WHAT YOU ARE ASKED TO DO: Write out word for word the lines from the one holding "Varning | Sioux" through the end of the data, and only those lines. Pictures stay out.

COLLECTED MATERIAL:
[Start of Attachment]

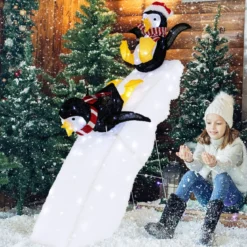 Pinguin-Dekoration beim Schlittschuhlaufen Beleuchtete Weihnachtsdekoration 120cm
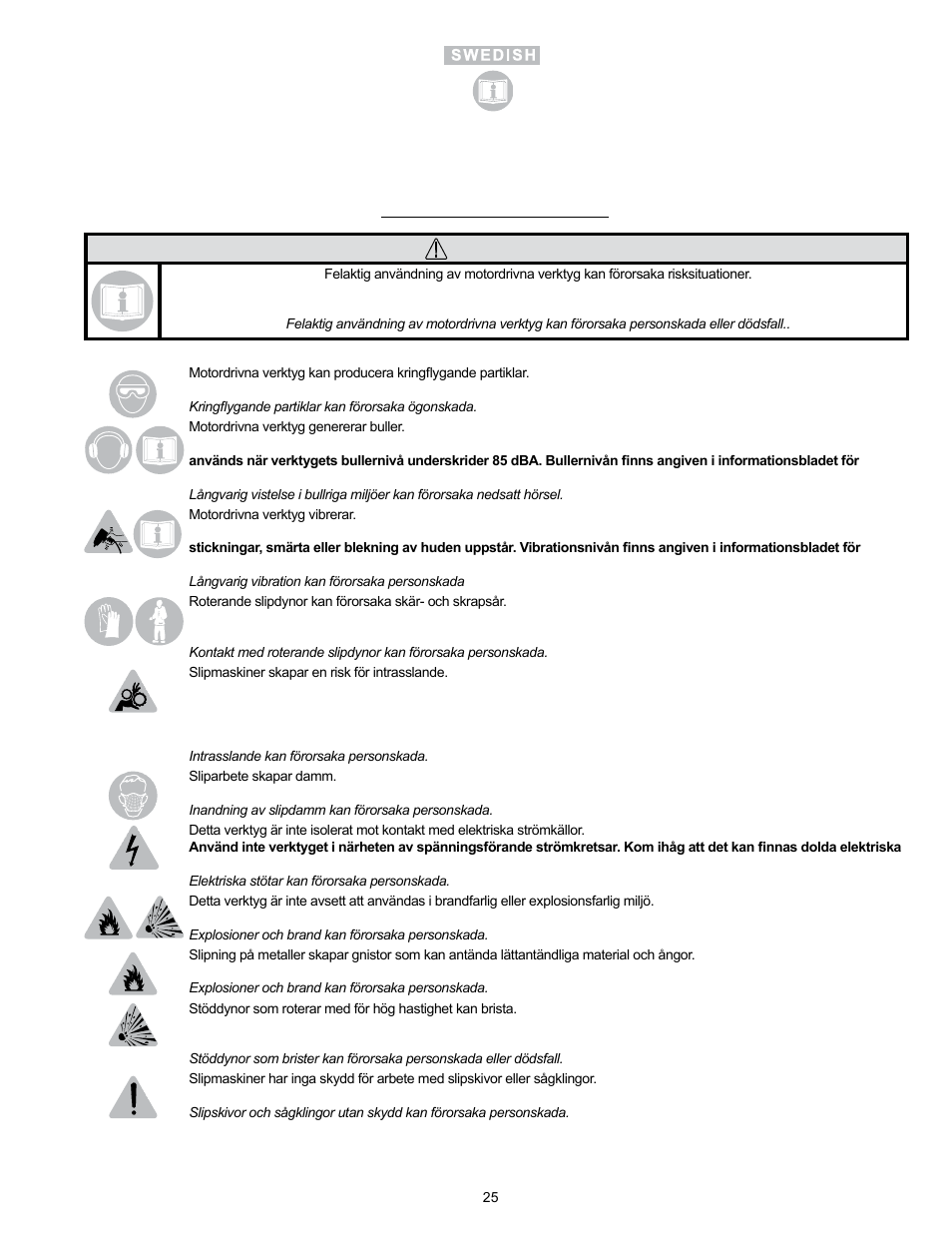 Varning | Sioux Tools RO2510-44FNC User Manual | Page 25 / 35
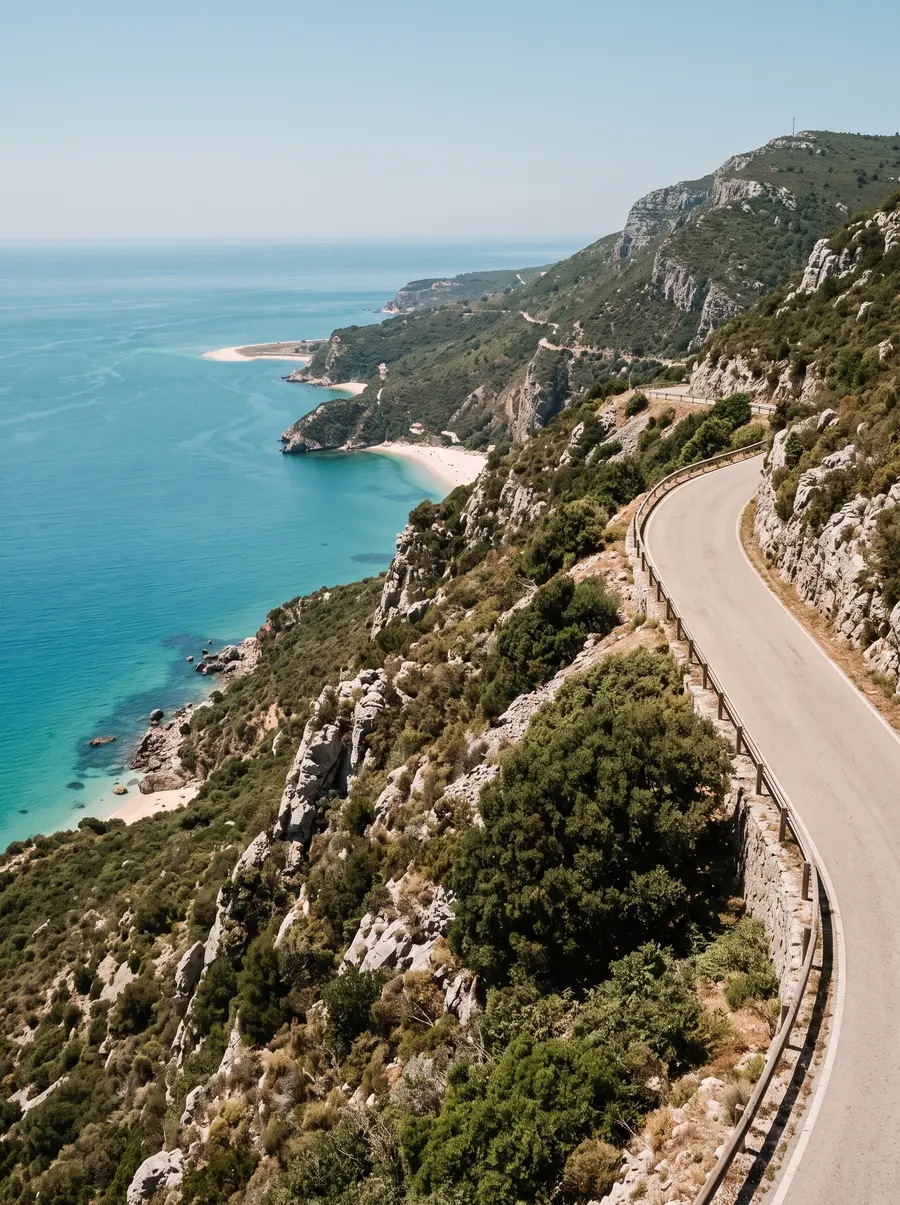 A road with a guardrail running along a steep green hillside above a turquoise bay and a small beach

[End of Attachment]

SOLVED EXERCISE:
 Varning | Sioux Tools RO2510-44FNC User Manual | Page 25 / 35
 A road with a guardrail running along a steep green hillside above a turquoise bay and a small beach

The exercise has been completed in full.